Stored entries
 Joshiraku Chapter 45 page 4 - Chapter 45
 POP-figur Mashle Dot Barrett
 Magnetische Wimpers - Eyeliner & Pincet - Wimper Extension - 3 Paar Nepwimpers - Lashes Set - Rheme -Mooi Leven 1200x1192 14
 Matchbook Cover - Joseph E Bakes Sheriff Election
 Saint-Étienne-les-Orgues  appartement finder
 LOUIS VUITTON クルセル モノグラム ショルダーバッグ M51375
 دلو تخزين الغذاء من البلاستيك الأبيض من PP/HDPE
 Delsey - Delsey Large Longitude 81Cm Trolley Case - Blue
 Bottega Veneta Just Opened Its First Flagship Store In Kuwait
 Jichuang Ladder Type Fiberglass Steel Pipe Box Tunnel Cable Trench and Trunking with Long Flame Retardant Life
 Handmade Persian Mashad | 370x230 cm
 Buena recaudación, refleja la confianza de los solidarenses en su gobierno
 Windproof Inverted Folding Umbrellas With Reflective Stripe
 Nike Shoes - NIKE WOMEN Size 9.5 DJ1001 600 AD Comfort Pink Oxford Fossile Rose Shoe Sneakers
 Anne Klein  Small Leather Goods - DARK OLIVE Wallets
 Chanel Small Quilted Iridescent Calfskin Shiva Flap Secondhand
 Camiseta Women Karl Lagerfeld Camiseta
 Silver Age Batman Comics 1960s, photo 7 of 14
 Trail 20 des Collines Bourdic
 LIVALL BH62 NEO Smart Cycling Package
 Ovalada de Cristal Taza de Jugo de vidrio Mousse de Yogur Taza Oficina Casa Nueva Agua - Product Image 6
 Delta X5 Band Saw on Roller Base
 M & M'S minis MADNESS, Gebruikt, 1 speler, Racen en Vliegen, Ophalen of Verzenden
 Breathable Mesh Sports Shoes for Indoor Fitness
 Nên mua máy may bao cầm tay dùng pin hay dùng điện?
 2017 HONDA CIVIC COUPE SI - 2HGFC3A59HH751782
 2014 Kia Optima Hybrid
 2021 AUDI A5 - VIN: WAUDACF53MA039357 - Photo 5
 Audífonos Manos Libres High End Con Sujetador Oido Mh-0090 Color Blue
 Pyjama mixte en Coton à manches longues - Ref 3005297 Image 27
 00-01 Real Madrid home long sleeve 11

* EXERCISE INSTRUCTIONS *
Each entry above needs to be output exactly.

* EXERCISE ANSWER *
 Joshiraku Chapter 45 page 4 - Chapter 45
 POP-figur Mashle Dot Barrett
 Magnetische Wimpers - Eyeliner & Pincet - Wimper Extension - 3 Paar Nepwimpers - Lashes Set - Rheme -Mooi Leven 1200x1192 14
 Matchbook Cover - Joseph E Bakes Sheriff Election
 Saint-Étienne-les-Orgues  appartement finder
 LOUIS VUITTON クルセル モノグラム ショルダーバッグ M51375
 دلو تخزين الغذاء من البلاستيك الأبيض من PP/HDPE
 Delsey - Delsey Large Longitude 81Cm Trolley Case - Blue
 Bottega Veneta Just Opened Its First Flagship Store In Kuwait
 Jichuang Ladder Type Fiberglass Steel Pipe Box Tunnel Cable Trench and Trunking with Long Flame Retardant Life
 Handmade Persian Mashad | 370x230 cm
 Buena recaudación, refleja la confianza de los solidarenses en su gobierno
 Windproof Inverted Folding Umbrellas With Reflective Stripe
 Nike Shoes - NIKE WOMEN Size 9.5 DJ1001 600 AD Comfort Pink Oxford Fossile Rose Shoe Sneakers
 Anne Klein  Small Leather Goods - DARK OLIVE Wallets
 Chanel Small Quilted Iridescent Calfskin Shiva Flap Secondhand
 Camiseta Women Karl Lagerfeld Camiseta
 Silver Age Batman Comics 1960s, photo 7 of 14
 Trail 20 des Collines Bourdic
 LIVALL BH62 NEO Smart Cycling Package
 Ovalada de Cristal Taza de Jugo de vidrio Mousse de Yogur Taza Oficina Casa Nueva Agua - Product Image 6
 Delta X5 Band Saw on Roller Base
 M & M'S minis MADNESS, Gebruikt, 1 speler, Racen en Vliegen, Ophalen of Verzenden
 Breathable Mesh Sports Shoes for Indoor Fitness
 Nên mua máy may bao cầm tay dùng pin hay dùng điện?
 2017 HONDA CIVIC COUPE SI - 2HGFC3A59HH751782
 2014 Kia Optima Hybrid
 2021 AUDI A5 - VIN: WAUDACF53MA039357 - Photo 5
 Audífonos Manos Libres High End Con Sujetador Oido Mh-0090 Color Blue
 Pyjama mixte en Coton à manches longues - Ref 3005297 Image 27
 00-01 Real Madrid home long sleeve 11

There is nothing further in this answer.